Fair and Balanced

Dennis R. Preston preston at PILOT.MSU.EDU
Wed Aug 13 15:59:36 UTC 2003


I think Greg must remember a time when distinguished Congresspersons
(e.g., Everett Dirkson from Illinois) existed on both sides of the
aisle. I would have called Dirkson, for example, a centrist or
ever-so-slightly right of center person.

Nowadays there are no Dirksons in the Republican ranks (no pun
intended) since they decided to attract the poor (don't that
generalization just make your blood boil!) by appealing to the issues
among them which they could exploit (however repulsive they might
have been personally and, in a happier past, even politically).

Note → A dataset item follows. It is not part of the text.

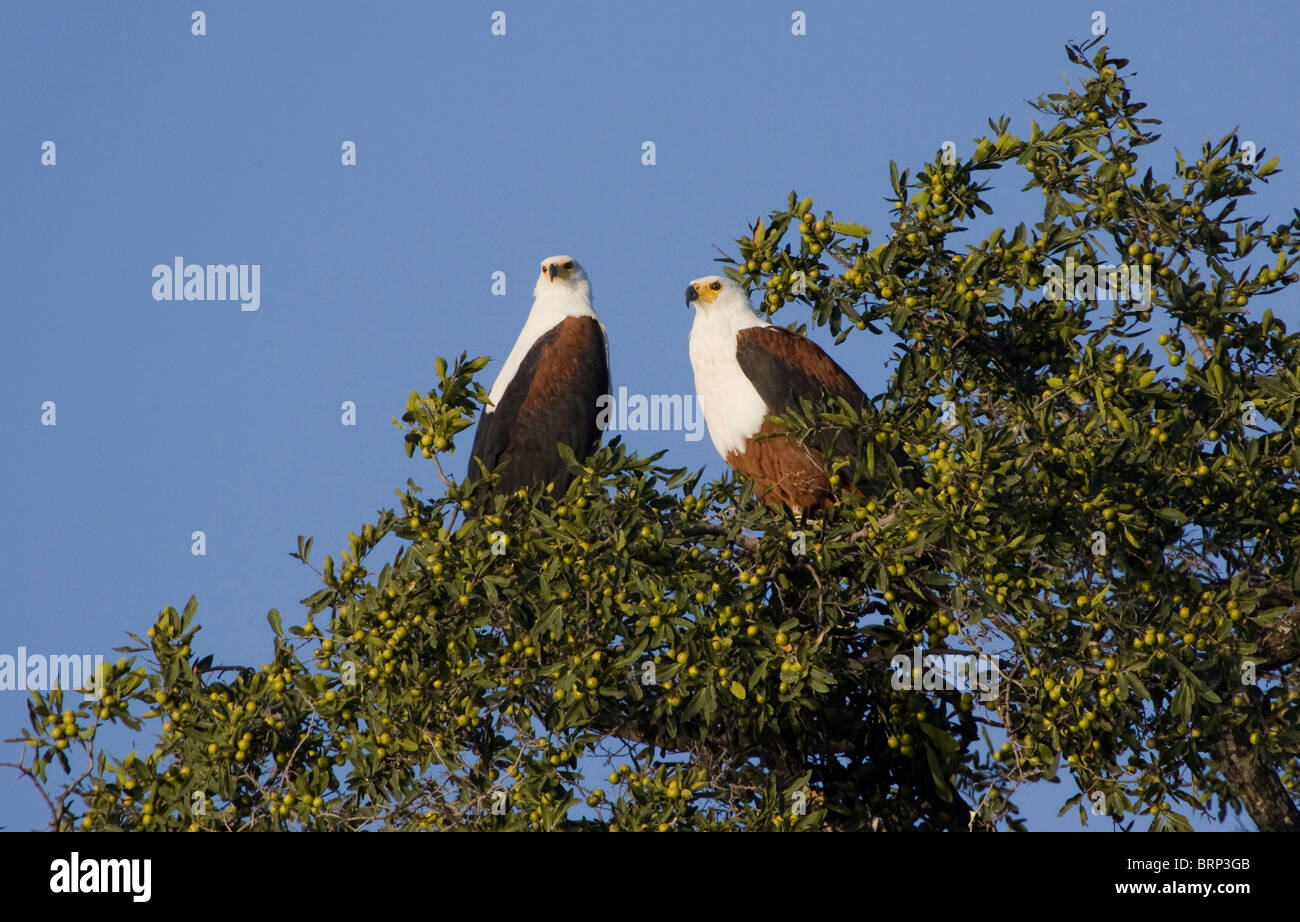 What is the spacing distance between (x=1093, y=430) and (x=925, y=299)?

Duane and Greg are just having lexical difficulties keeping up with
this Republican shift to a more extremely conservative viewpoint, one
which they have passed off, pretty successfully, as mainstream,
although, of course, their passing it off is exactly that. The last
time such views were "mainstream," we had a world war.

So some people, apparently Duane among them, would like us all to use
"right" and "left" according to the "new center" established by
right-wingers. I am no conservative about language, but I will have
to be shown that this is a long-term change in generally accepted
usage in what "left" and "right" mean in politics before I bite.
Until then, I will take the "new" definition of "center" be as
politically loaded as it source.

dInIs





On Wed, 13 Aug 2003 02:12:21 -0500 Greg Pulliam <pulliam at IIT.EDU> writes:
>  Fox is FAR right of center, while CNN is only slightly right of
>  center. There is no left of center medium.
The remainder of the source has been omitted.